Work instruction:
Would you print out all of the data exactly and keep the pictures out of it?
Source data Block Start
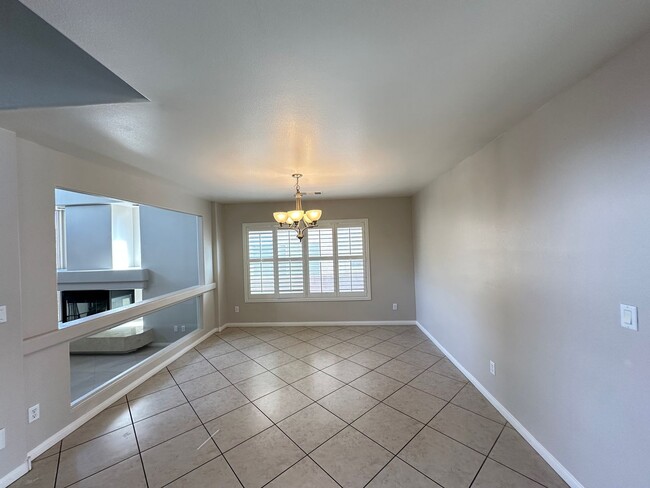 Building Photo - Pinnacle Peaks-Torrey Pines Southwest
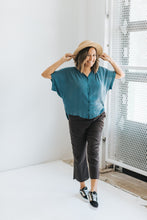 Load image into Gallery viewer, The Roman Holiday Pant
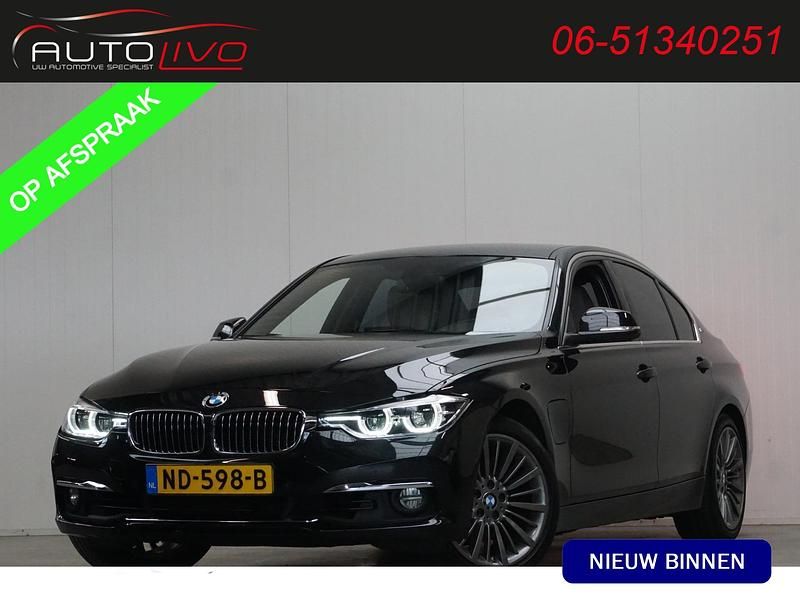 Zwart Gebruikt 2016 BMW 330 Executive Sedan | € 21.795 (Goede deal) - Afbeelding 1/4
Source data Block End
Expected answer:
 Building Photo - Pinnacle Peaks-Torrey Pines Southwest
 Load image into Gallery viewer, The Roman Holiday Pant
 Zwart Gebruikt 2016 BMW 330 Executive Sedan | € 21.795 (Goede deal) - Afbeelding 1/4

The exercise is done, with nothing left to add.